DATA EXCERPT:
···

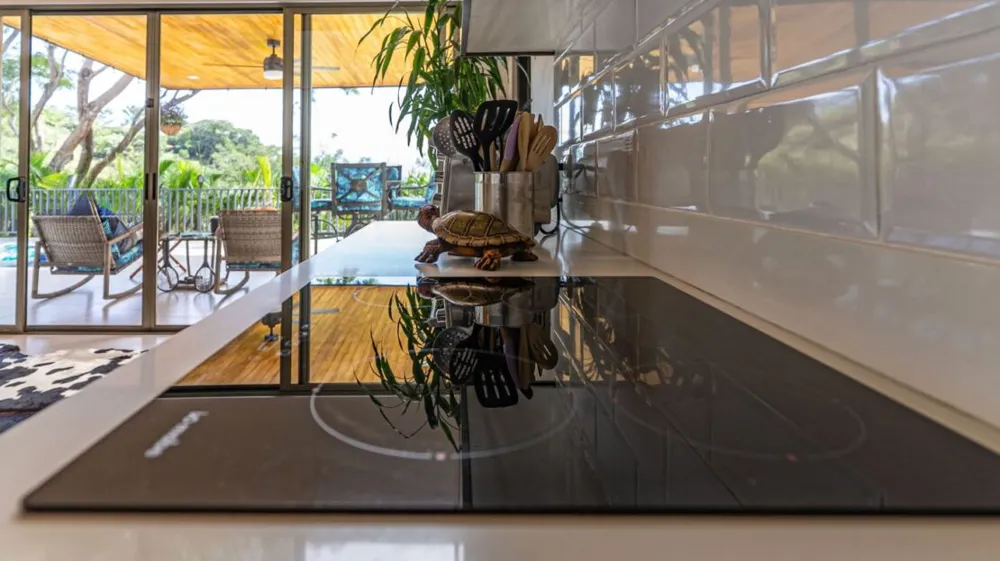 Modern gem in the natural setting Out of State, OS 20505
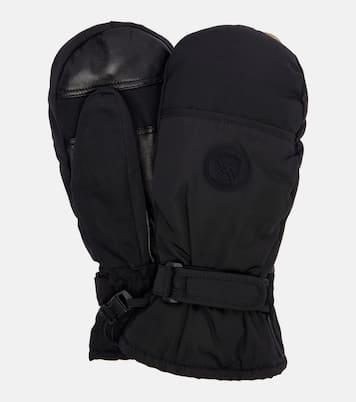 Leather-trimmed mittens | Yves Salomon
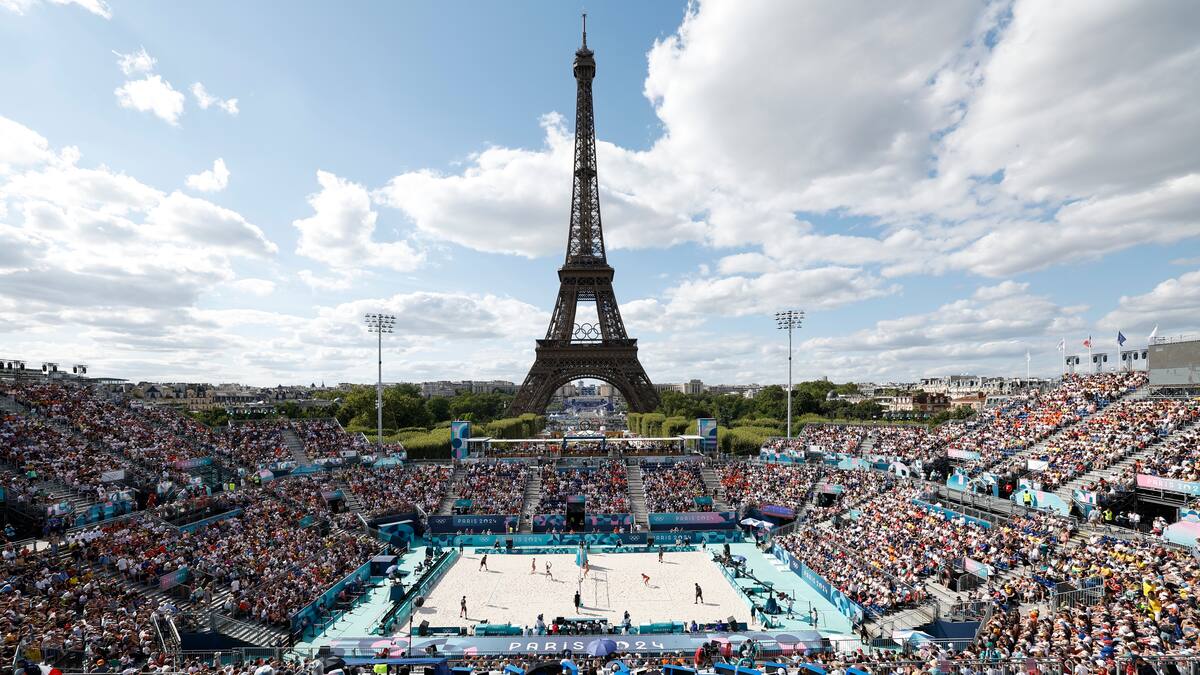 PARÍS, 07/08/2024.- Fotografía del campo de Voley Playa con la Torre Eiffel de fondo antes de los cuartos de final femeninos de Voleibol Playa, entre España y Canadá, parte de los Juegos Olímpicos de París 2024 este miércoles, en la capital gala. EFE/Miguel Toña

···

WHAT YOU WILL DO: All of the data must be given again exactly, without the pictures.

SOLUTION BELOW:
 Modern gem in the natural setting Out of State, OS 20505
 Leather-trimmed mittens | Yves Salomon
 PARÍS, 07/08/2024.- Fotografía del campo de Voley Playa con la Torre Eiffel de fondo antes de los cuartos de final femeninos de Voleibol Playa, entre España y Canadá, parte de los Juegos Olímpicos de París 2024 este miércoles, en la capital gala. EFE/Miguel Toña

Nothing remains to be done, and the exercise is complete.